I have a very large text file, where most of the lines are composed of ASCII characters, but a small fraction of lines have non-ASCII characters. What is the fastest way to create a new text file containing only the ASCII lines? Right now I am checking each character in each line to see if it's ASCII, and writing each line to the new file if all the characters are ASCII, but this method is rather slow. Also, I am using Python, but would be open to using other languages in the future.

Edit: updated with code

#!/usr/bin/python

import string

def isAscii(s):
    for c in s:
        if ord(c) > 127 or ord(c) < 0:
            return False
    return True

f = open('data.tsv')
g = open('data-ASCII-only.tsv', 'w')

linenumber = 1
for line in f:
    if isAscii(line):
        g.write(line)
    linenumber += 1

f.close()
g.close()
Jessica
  • 2,335
  • 2
  • 23
  • 36
  • possible duplicate of [How to check if a string in Python is in ASCII?](http://stackoverflow.com/questions/196345/how-to-check-if-a-string-in-python-is-in-ascii) – Ruben Bermudez Jun 24 '14 at 18:25
  • 3
    The way you're doing it is pretty much what you have to do. All lines must be read; all characters must be checked; and all wanted lines must be written. There aren't really any algorithmic shortcuts here. Show us your code and we can look for inefficiencies. – Tom Zych Jun 24 '14 at 18:27
  • @TomZych: Thanks, I updated the question with code. – Jessica Jun 24 '14 at 18:29
  • @TomZych Trying to encode the whole line to 'ascii' inside a try/except might be faster than checking each character individually. See the question RubenBermudez linked to. – dano Jun 24 '14 at 18:29
  • @dano - Yes, I saw that. Of course, that's still checking all characters. You're just doing it in C. – Tom Zych Jun 24 '14 at 22:36
  • It occurs to me that we cannot answer this question without knowing how the file is encoded. The simple approach of checking for characters < 0x80 will work with UTF-8; it won't work with UTF-7 or UTF-16. You can't even read the line correctly in UTF-16 if you treat it as ASCII; the newline is 0x0A 0x00. – Tom Zych Jun 24 '14 at 23:12

3 Answers3

1

You can use grep: "-v" keeps the opposite, -P uses perl regex syntax, and [\x80-\xFF] is the character range for non-ascii.

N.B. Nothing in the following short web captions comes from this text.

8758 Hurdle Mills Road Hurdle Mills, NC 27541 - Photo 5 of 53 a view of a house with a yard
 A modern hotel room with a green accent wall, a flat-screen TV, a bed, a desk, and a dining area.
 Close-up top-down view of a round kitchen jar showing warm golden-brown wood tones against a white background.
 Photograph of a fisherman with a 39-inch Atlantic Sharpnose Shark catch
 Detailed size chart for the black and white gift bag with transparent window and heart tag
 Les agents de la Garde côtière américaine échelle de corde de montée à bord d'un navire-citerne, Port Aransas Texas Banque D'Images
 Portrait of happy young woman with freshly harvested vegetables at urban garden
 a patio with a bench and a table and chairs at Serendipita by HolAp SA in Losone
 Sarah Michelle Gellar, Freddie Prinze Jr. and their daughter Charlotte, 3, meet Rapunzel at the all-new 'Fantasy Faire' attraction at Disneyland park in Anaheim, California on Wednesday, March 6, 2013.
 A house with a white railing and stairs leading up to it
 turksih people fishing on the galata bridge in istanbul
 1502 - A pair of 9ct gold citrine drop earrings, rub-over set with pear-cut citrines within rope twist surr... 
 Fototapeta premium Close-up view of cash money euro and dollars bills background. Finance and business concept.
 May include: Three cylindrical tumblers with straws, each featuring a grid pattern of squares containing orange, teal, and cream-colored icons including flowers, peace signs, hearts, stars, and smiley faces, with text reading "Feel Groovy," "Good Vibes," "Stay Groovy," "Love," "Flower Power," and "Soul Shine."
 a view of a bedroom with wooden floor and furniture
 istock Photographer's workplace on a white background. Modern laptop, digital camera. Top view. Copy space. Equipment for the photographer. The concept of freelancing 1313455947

grep -vP "[\x80-\xFF]" data.tsv > data-ASCII-only.tsv

See this question How do I grep for all non-ASCII characters in UNIX for more about search for ascii characters with grep.

Community
  • 1
  • 1
0

The following suggestion uses a command-line filter (ie, you would use it on the shell command line), this example works in a shell on linux or unix systems, maybe OSX too (I've heard OSX is BSDish):

$ cat big_file | tr -dc '\000-\177' > big_file_ascii_only

It uses the "tr" (translate) filter. In this case, we are telling tr to "delete" all characters which are outside the range octal-000 to octal-177. You may wish to tweak the charcter set - check the man page for tr to get some ideas on other ways to specify the characters you want to keep (or delete)

Brenda J. Butler
  • 1,475
  • 11
  • 20
0

The other approaches given will work if, and only if, the file is encoded in such a way that "non-ASCII" is equivalent to "high bit set", such as Latin-1 or UTF-8. Here's a program in Python 3 that will work with any encoding.

#!/usr/bin/env python3

import codecs

in_fname = "utf16file"
in_encoding = "utf-16"
out_fname = "ascii_lines"
out_encoding = "ascii"

def is_ascii(s):
    try:
        s.encode("ascii")
    except UnicodeEncodeError:
        return False
    return True

f_in = codecs.open(in_fname, "r", in_encoding)
f_out = codecs.open(out_fname, "w", out_encoding)

for s in f_in:
    if is_ascii(s):
        f_out.write(s)

f_in.close()
f_out.close()
Tom Zych
  • 13,329
  • 9
  • 36
  • 53